Money from the treaty settlement was splurged on buying the Auckland Warriors, getting into dubious land and property deals and on Sir Robert's pet project, a multimillion-dollar educational centre for Maori in the Waikato.
But many of the tribe's investments turned sour and Tainui is estimated to have lost millions and owe banks and other financial institutions millions more.
Sir Robert's dogmatic approach proved that the Tainui kingpin found it impossible to even take his own advice.
In 1995 he had gone on record as saying he wanted the Tainui leadership to go back to the people away from the kahui ariki.
A year later he told the Herald he wanted the next generation trained to pick up the reins.
But as his range of illnesses got the better of him, perhaps clouding his judgment, nothing else seemed to matter when it came to his obsessions.
Sir Robert even horrified his cardiologist by refusing to give up cigars.
The skilled negotiator who drove through the first major Maori land claim settlement paid the ultimate price for putting his health second to tribal affairs.
He suffered badly from diabetes and last month he was admitted to Waikato Hospital with severe abdominal pains related to his kidney problems.
On Wednesday discharged himself prematurely.
Hours later, he was taken back to hospital, where he died at 12.15 am yesterday.
Tributes have flooded in acknowledging his standing and commitment.
Prime Minister Helen Clark said he was one of Maoridom's most prominent figures had made huge contributions.
"The bow of the canoe of Tainui has broken."
Maori Affairs Minister Parekura Horomia was deeply saddened by Sir Robert's death and said he was one of the outstanding leaders of Maori society in modern times.
"Sir Robert's achievements are unsurpassed, irrespective of the troubles in recent times. The nation should not forget his energy and drive in terms of the ground-breaking Tainui settlement and also the education of his people."
Former Prime Minister Jim Bolger remembered Sir Robert as an outstanding leader "a man of both vision and great courage."
Former Treaty Negotiations Minister Sir Douglas Graham said his death was "a great loss" to Waikato Tainui, Maoridom and the whole of New Zealand.
"They don't make people like Bob Mahuta very often," he said.
"He spent 30 years of his life negotiating with one Government or another trying to redress the wrongs done to the Waikato Tainui in the past."
The only reason Tainui got the assets it did was because Sir Robert "devoted a life to it," Sir Douglas said.
Professor James Ritchie, who worked with Sir Robert for more than 25 years, said his death was "the end of an era."
Sir Robert's body is lying in state at Waahi Pa Marae, at Huntly.

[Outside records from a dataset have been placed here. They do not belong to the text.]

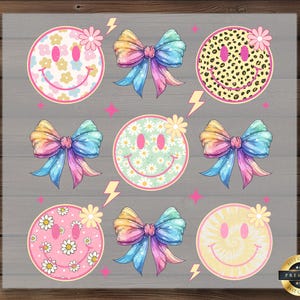 Colorful Smiley Face DTF Transfer, Floral Pattern with Bow Design, Easy Iron-On for DIY Crafts, Cute Apparel, Ready to Press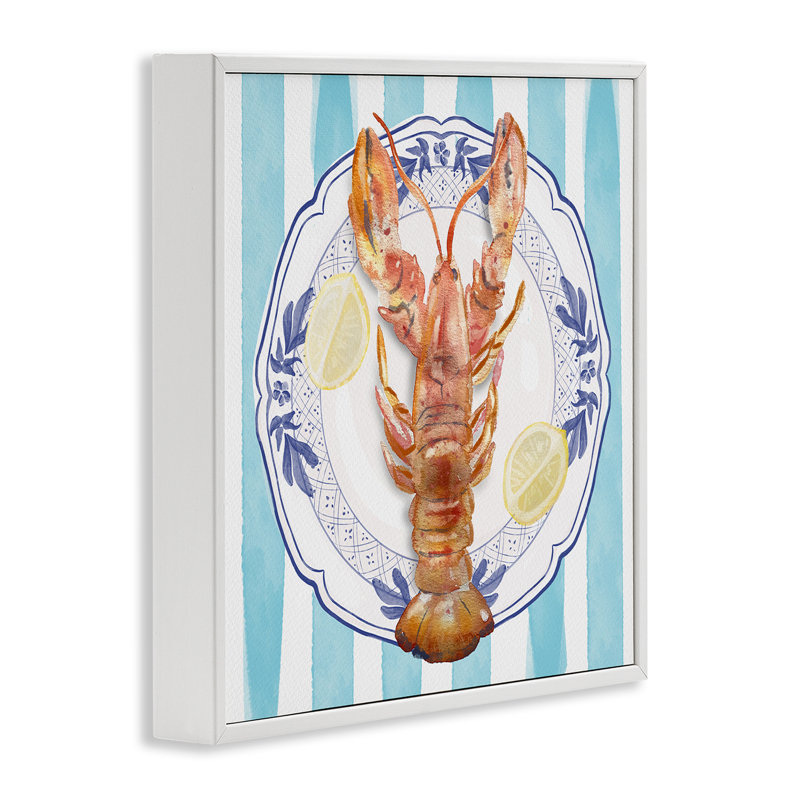 Giclée de fruits de mer à homard, estampe numérique, design par Christie Adams, Encadrement giclée blanc côtier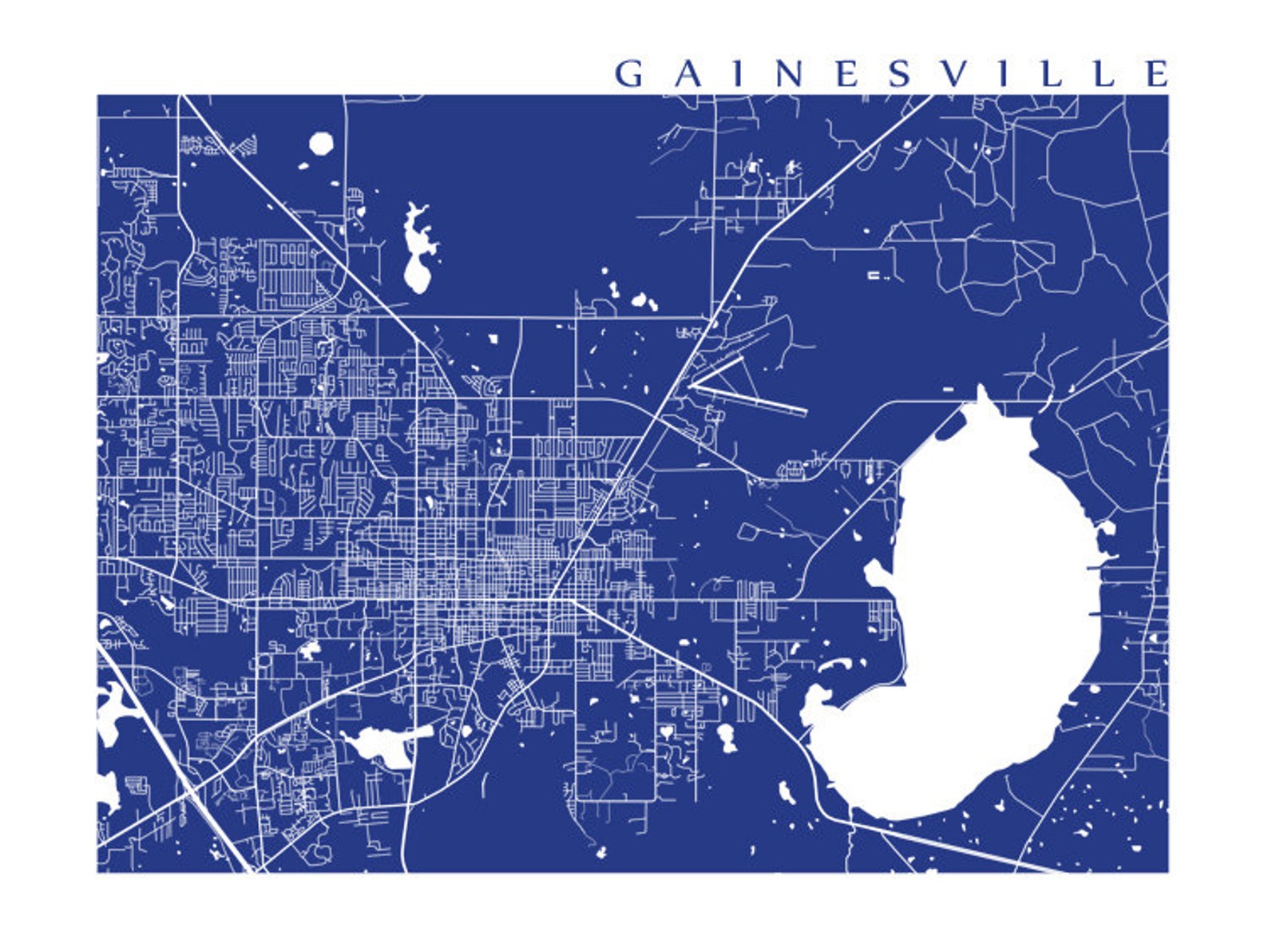 Gainesville Map Florida Poster Home Decor Art Print | Etsy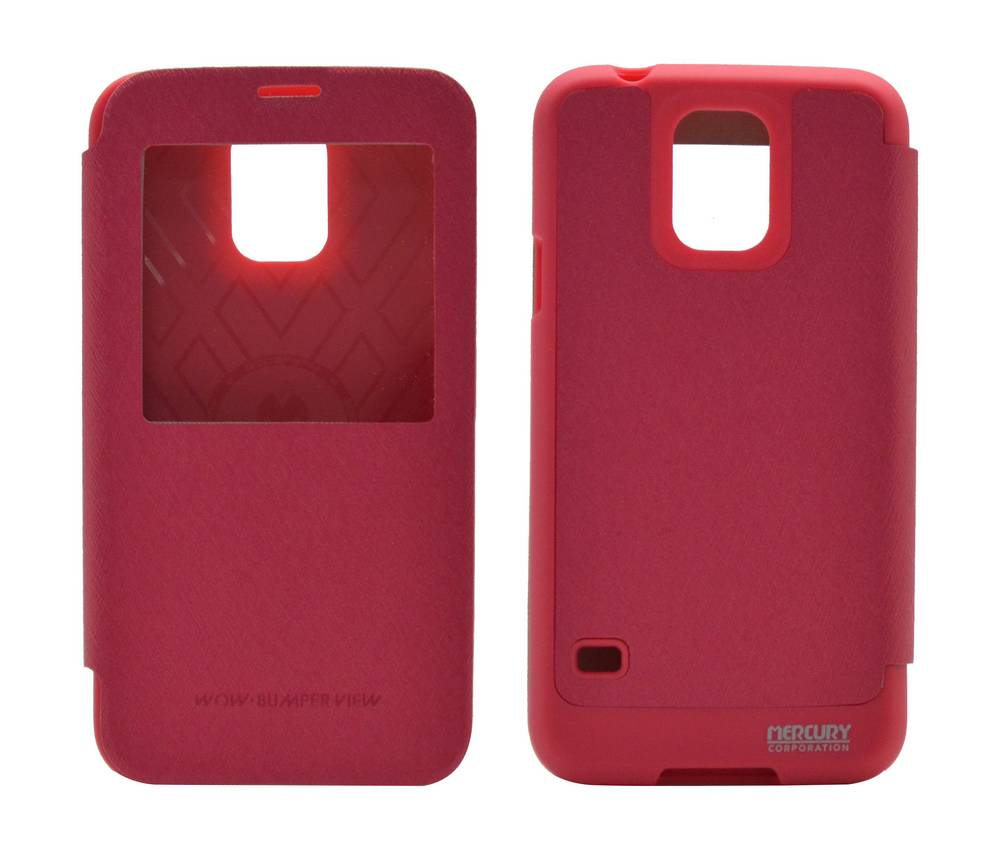 Θήκη Book Goospery Wow Bumper View για Samsung SM-G900F Galaxy S5 Φούξια by Mercury
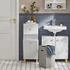 SoBuy BZR93-W Wäscheschrank mit ausklappbarem Wäschesack mit einner Schublade Weiß bht ca: 34x90x30cm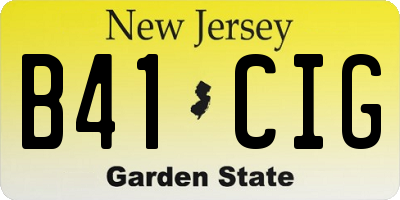 NJ license plate B41CIG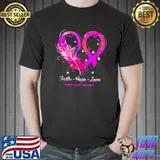 Faith Hope Love Breast Cancer Awareness Pink Feather T-Shirt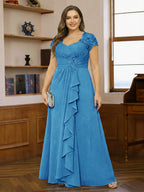 Ariana Claire Ocean Blue front view mother of the bride dress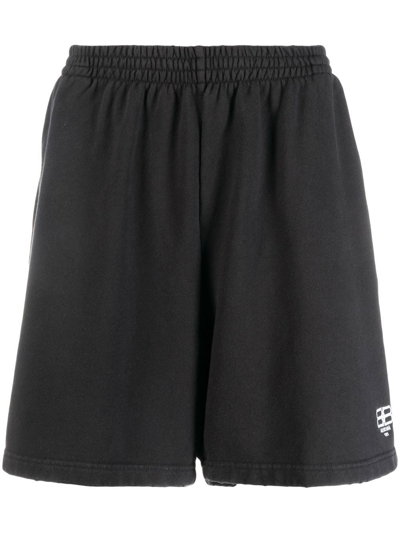 Balenciaga Cotton Sweat Shorts In Schwarz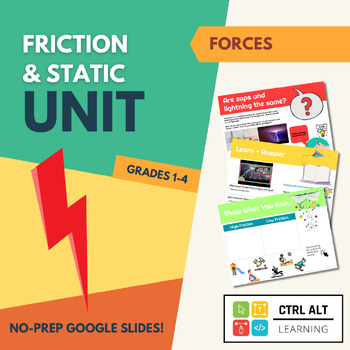 Preview of Friction + Static Electricity Force HyperDoc - Grade 2 BC Science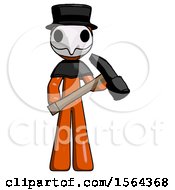 Poster, Art Print Of Orange Plague Doctor Man Holding Hammer Ready To Work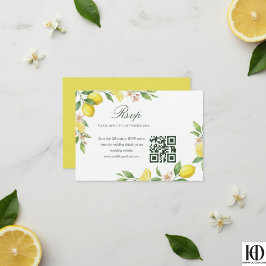 Tarjeta De Confirmación De Asistencia Watercolor Wreath Mediterranean Citrus Wedding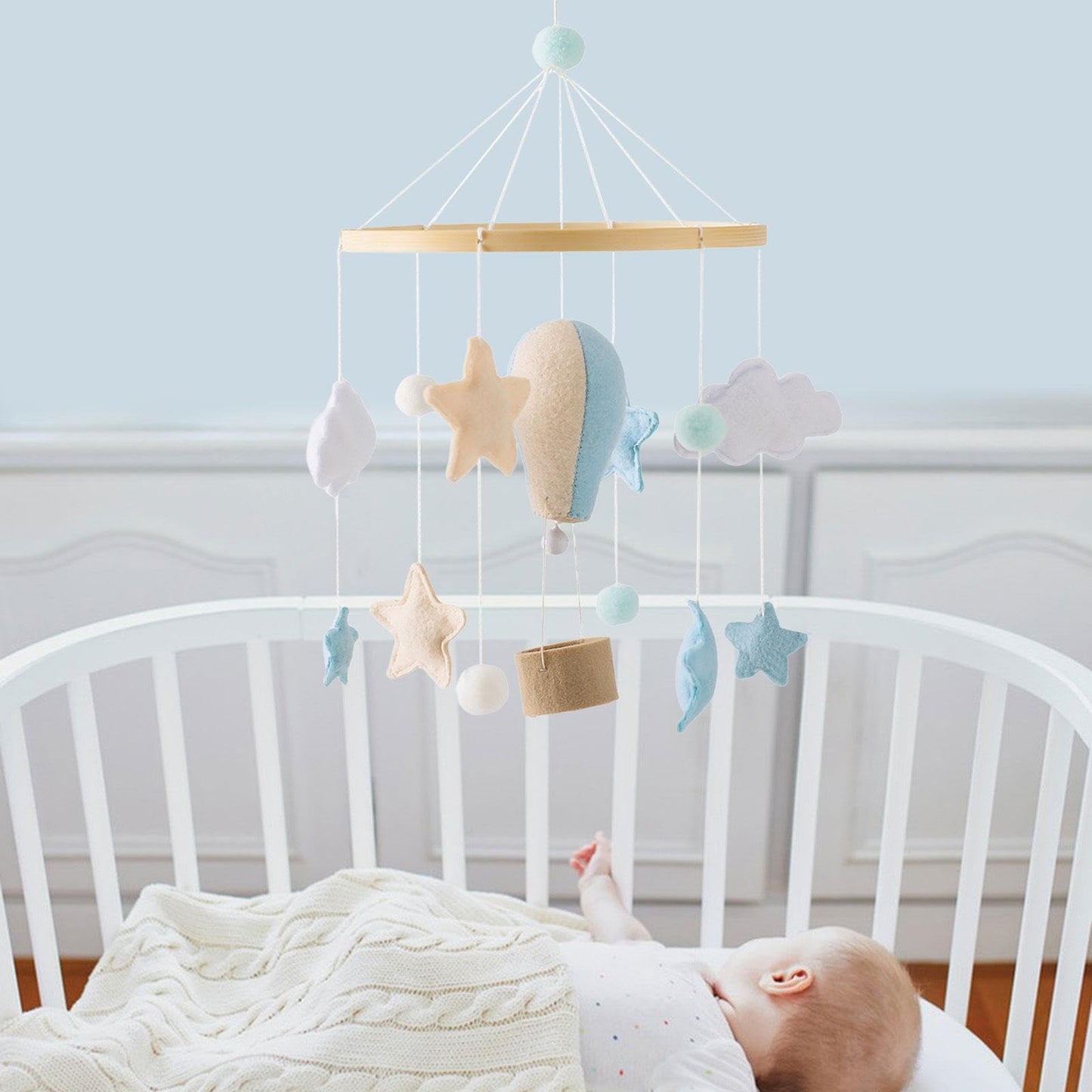 Baby Crib Mobile, Felt Ball Wind Chimes Hanging Decoration, Nursery Decor, Montessori Baby Bedroom Ceiling Wind Chime for Infant Boys Girls, Style A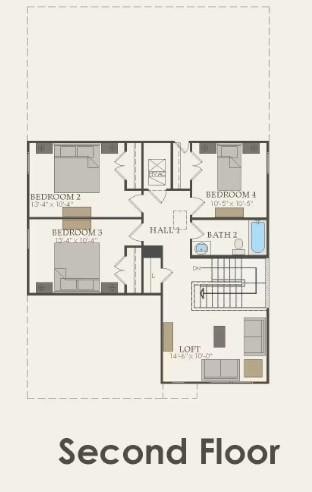Pulte Homes, Dinero/LS201 floor plan second level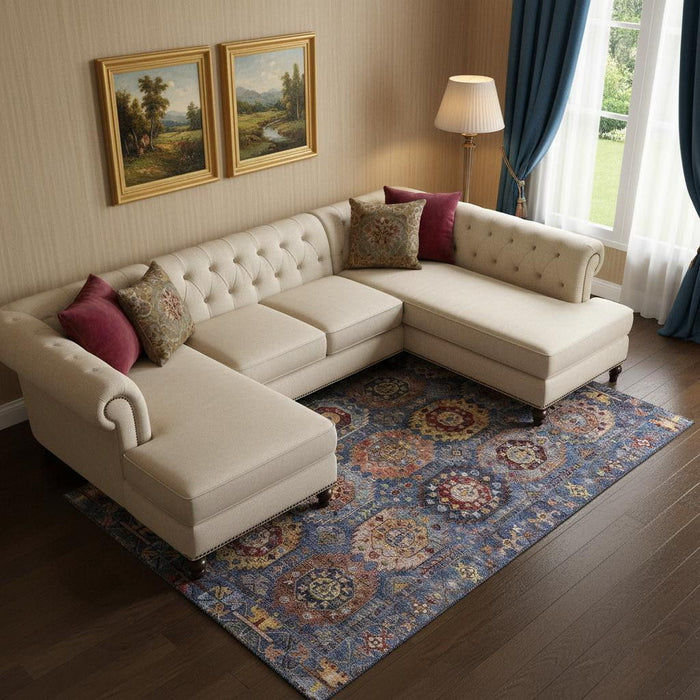 10' X 14' Medallion Washable Area Rug With UV Protection (714925) - Denim Blue / Merlot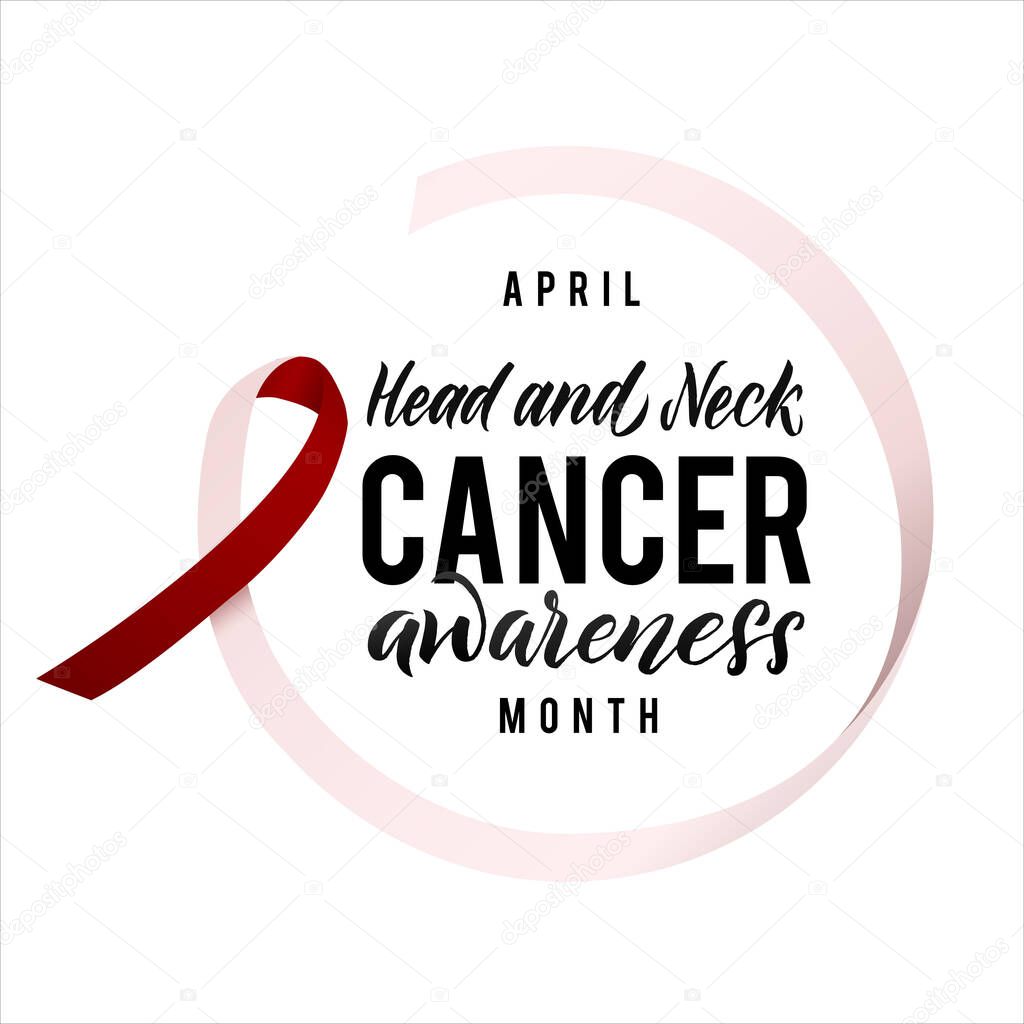 Vector Head and Neck Cancer Awareness Calligraphy Poster Design. Stroke Burgundy and Ivory Color Ribbons. April is Cancer Awareness Month.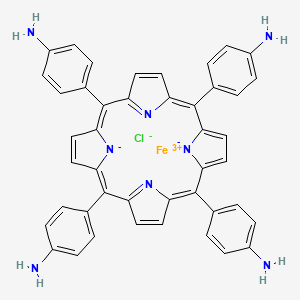 Chemical structure of Iron, chloro[[4,4′,4′′,4′′′-(21H,23H-porphine-5,10,15,20-tetrayl-κN21,κN22,κN23,κN24)tetrakis[benzenaminato]](2-)]-, (SP-5-12)-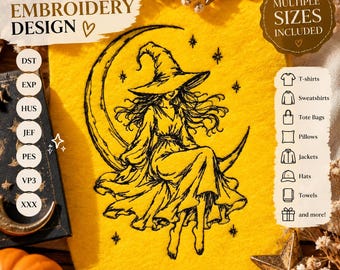 Moon Witch Machine Embroidery Design, Halloween Witch Embroidery File, Magical Woman On Moon Digital Download PES DST JEF, Celestial Witch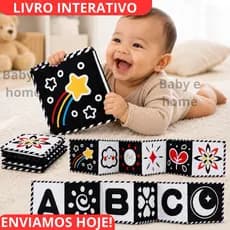 Livro de Pano Brinquedo Macio Para Bebês Alto Contraste Preto E Branco Sensorial De Pequeno Porte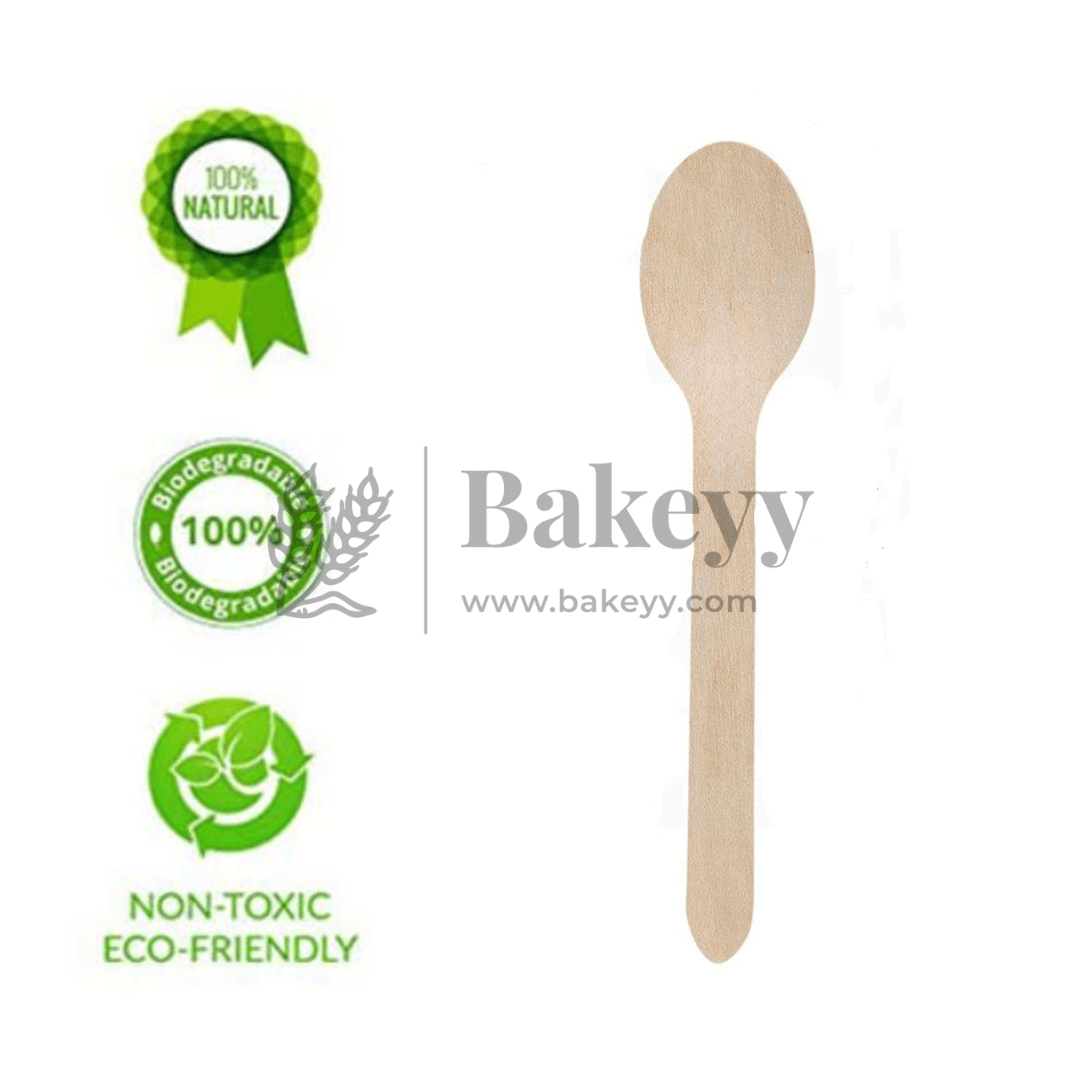 160mm Disposable Wooden Spoon | Pack of 100 | Bio-Degradable - Bakeyy.com - India - 160mm Disposable Wooden Spoon | Pack of 100 | Bio-Degradable - Default Title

He is survived by his wife, Lady Raiha, and children Nanaia, who is Labour MP for Te Tai Hauauru, Tipa and Tukaroto, and four mokopuna.
Sir Robert was an adviser to the Maori Queen and served on many local and national boards.
He was a former member and president of the Waikato Savings Bank, a former member of the Maori Fisheries Commission, the Rhodes Scholarship Committee, New Zealand Academic Audit Unit, Foreign Aid and Development Committee, Board of Maori Affairs, New Zealand Planning Council, Maori Economic Development Commission, the board of Te Papa, and numerous other university forums.